Skip to contents

This function imports data from either a CSV or Excel file, detects the file encoding, and converts character columns to UTF-8. It supports different delimiters for CSV files and allows specifying a sheet for Excel files. Additionally, the function can handle header detection and custom separators for CSV files.

Usage

auto_import_utf8(
  file_path,
  file_type = c("csv", "xlsx"),
  sheet = NULL,
  header = TRUE,
  sep = ","
)

Arguments

file_path

A string specifying the path to the file to import.

file_type

A string specifying the file type. Options are "csv" or "xlsx". Default is "csv".

sheet

A string or integer specifying the sheet to read from an Excel file. Ignored if file_type is "csv". Default is NULL, which means the first sheet is read.

header

A logical value indicating whether the first row contains column names. Default is TRUE.

sep

A string specifying the separator used to separate columns in a CSV file.
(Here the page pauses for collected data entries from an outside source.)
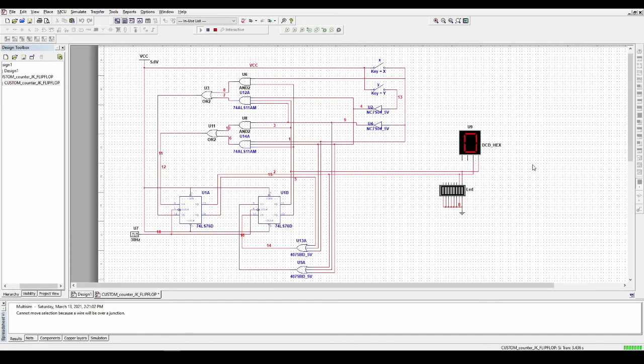And this is what the circuit looks like. That wraps things up — thanks for watching and I'll see you next time.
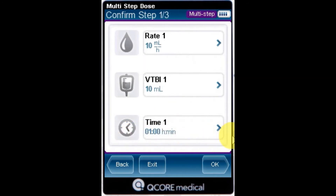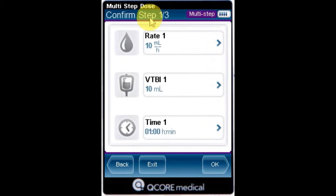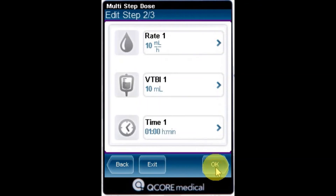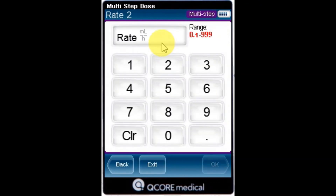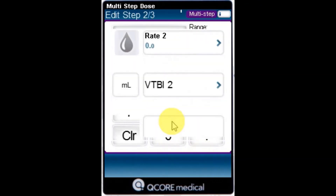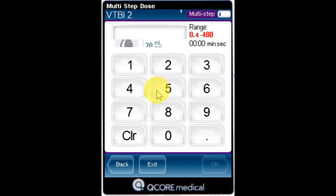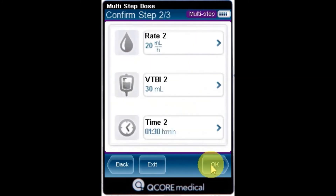After reviewing the infusion parameters for the current step, as displayed on the indicator bar, press OK to proceed and then program the next step. To program parameters for the remaining steps of the infusion, repeat these steps.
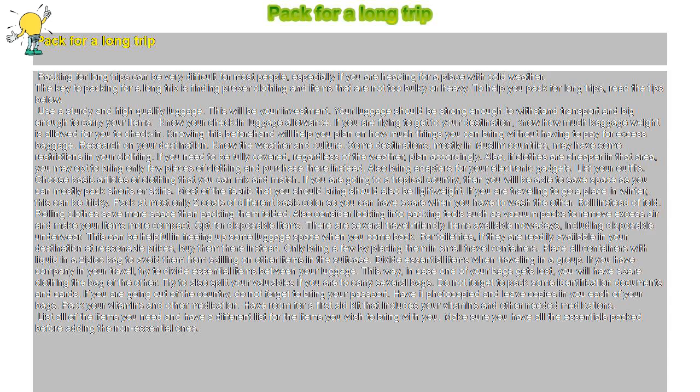Opt for disposable items. There are several travel-friendly items available nowadays, including disposable underwear. This can be helpful in freeing up some luggage space when you come back. For toiletries, if they are readily available in your destination at reasonable prices, buy them there instead. Only bring a few by placing them in small travel containers. Place all containers with liquid in a Ziploc bag to avoid them from spilling on other items in the suitcase.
Ignored if file_type is "xlsx". Default is ",".

Value

A data frame with all character columns converted to UTF-8 encoding.

Details

  • For CSV files, the function automatically detects the file's encoding using the stringi::stri_enc_detect() function and reads the data with data.table::fread().
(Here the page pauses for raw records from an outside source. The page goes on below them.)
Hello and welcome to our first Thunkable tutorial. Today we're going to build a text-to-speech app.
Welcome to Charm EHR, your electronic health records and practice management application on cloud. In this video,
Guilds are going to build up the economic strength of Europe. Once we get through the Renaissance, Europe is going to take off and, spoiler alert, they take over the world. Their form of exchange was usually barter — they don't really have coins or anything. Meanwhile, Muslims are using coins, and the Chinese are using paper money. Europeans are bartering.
  • For Excel files, the function uses readxl::read_excel() to read the data.

  • After importing, all character columns are explicitly converted to UTF-8 encoding to ensure consistency.

  • You can specify whether the first row contains column names (header) and adjust the separator (sep) for CSV files.

  • The sheet parameter allows you to specify which sheet to read when importing Excel files.

Examples

if (FALSE) { # \dontrun{
# Import a CSV file with UTF-8 encoding and custom separator
df_csv <- auto_import_utf8("data/file.csv", file_type = "csv", header = TRUE, sep = ";")

# Import an Excel file, reading from the first sheet by default
df_xlsx <- auto_import_utf8("data/file.xlsx", file_type = "xlsx")

# Import an Excel file, specifying a sheet and no header
df_xlsx_sheet <- auto_import_utf8("data/file.xlsx", file_type = "xlsx", sheet = "Sheet2", header = FALSE)
} # }